**Available data:**
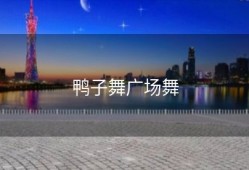 鸭子舞广场舞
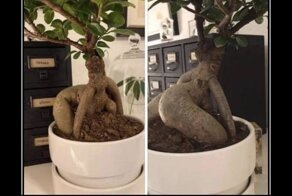 Порция зажигательных демов, сделанных с любовью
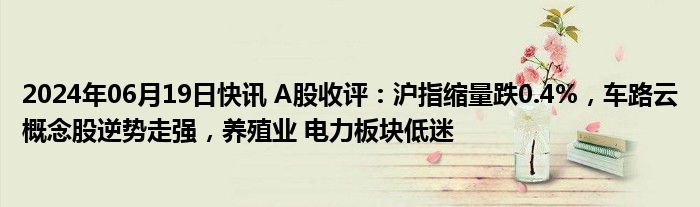 2024年06月19日快讯 A股收评：沪指缩量跌0.4%，车路云概念股逆势走强，养殖业 电力板块低迷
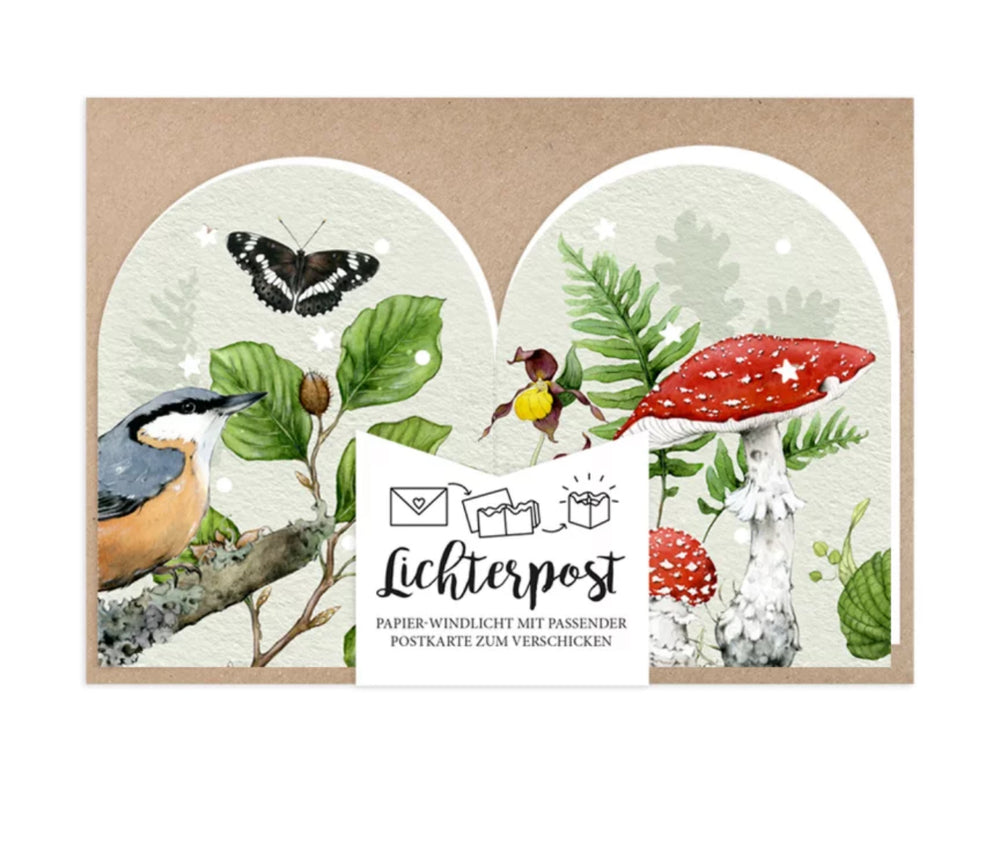 Lichterpost Laubwald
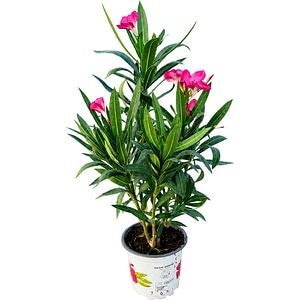 Leandru (Nerium oleander), D15 cm, H40-50 cm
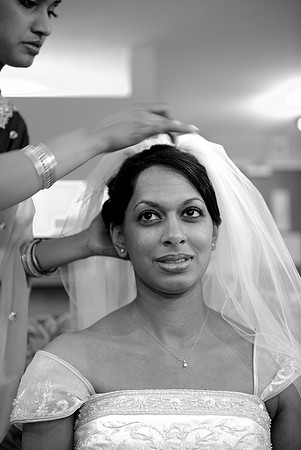 Selin Preshots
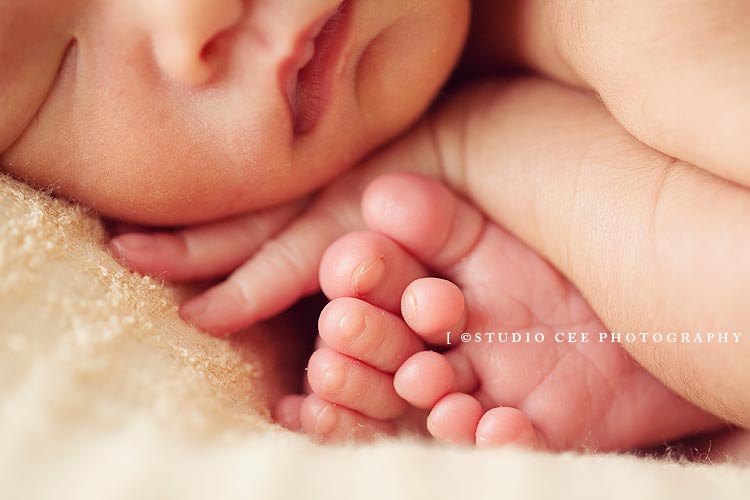 newborn-photographer-in-OC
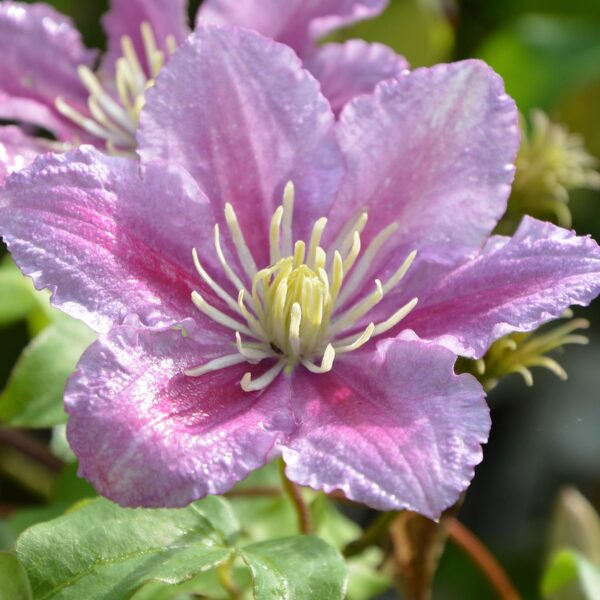 Jasmin grimpant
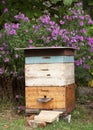 Cozy Old Colorful Beehive in the Garden and Aster Amellus Flowers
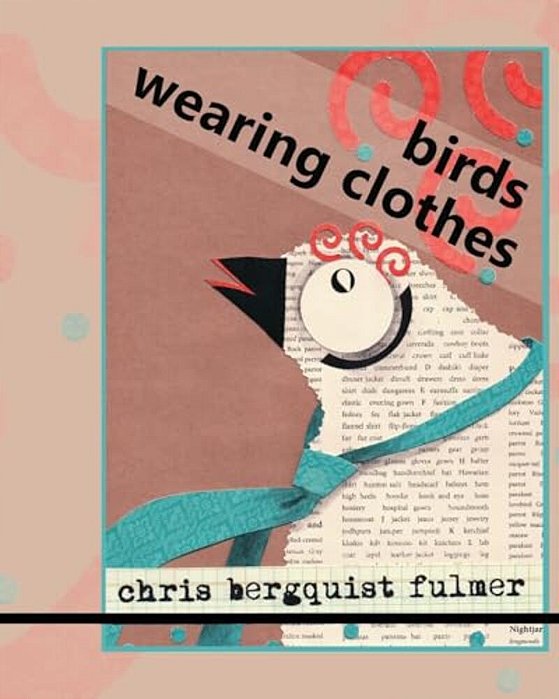 Birds Wearing Clothes: Picture Book Full Of Humorous Silly Birds-..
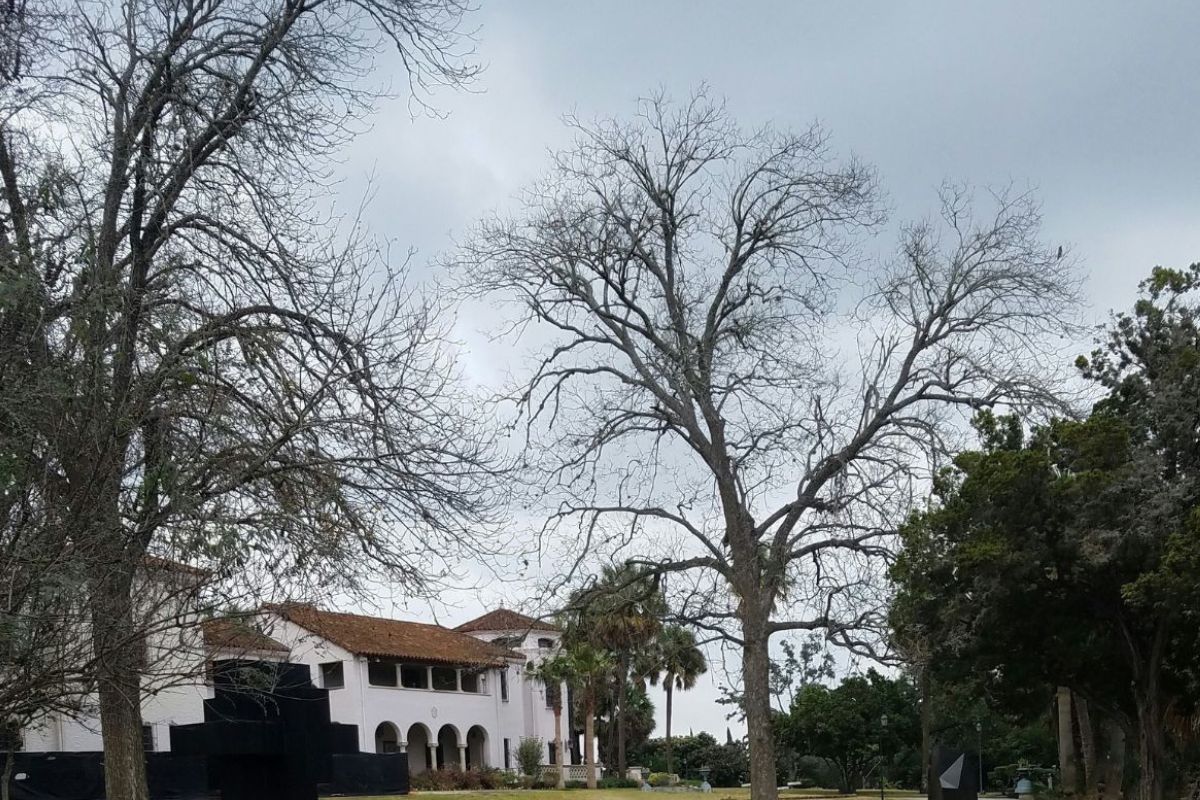 unveil-the-magic-of-mcnay-art-museum-in-san-antonio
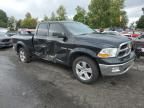 2009 Dodge RAM 1500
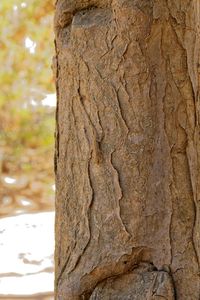 Close-up of tree trunk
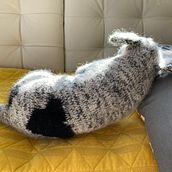 My project for course: Knitting Realistic Stuffed Animals: Make a Puppy from Yarn. Fiber Arts, DIY, Knitting, and Textile Design project by chylackj - 12.10.2022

**Instructions for the task:**
Begin with the line containing "Lichterpost Laubwald" and end with the last line of the material above; return exactly those lines, both ends included, and omit all pictures.

**Reply:**
 Lichterpost Laubwald
 Leandru (Nerium oleander), D15 cm, H40-50 cm
 Selin Preshots
 newborn-photographer-in-OC
 Jasmin grimpant
 Cozy Old Colorful Beehive in the Garden and Aster Amellus Flowers
 Birds Wearing Clothes: Picture Book Full Of Humorous Silly Birds-..
 unveil-the-magic-of-mcnay-art-museum-in-san-antonio
 2009 Dodge RAM 1500
 Close-up of tree trunk
 My project for course: Knitting Realistic Stuffed Animals: Make a Puppy from Yarn. Fiber Arts, DIY, Knitting, and Textile Design project by chylackj - 12.10.2022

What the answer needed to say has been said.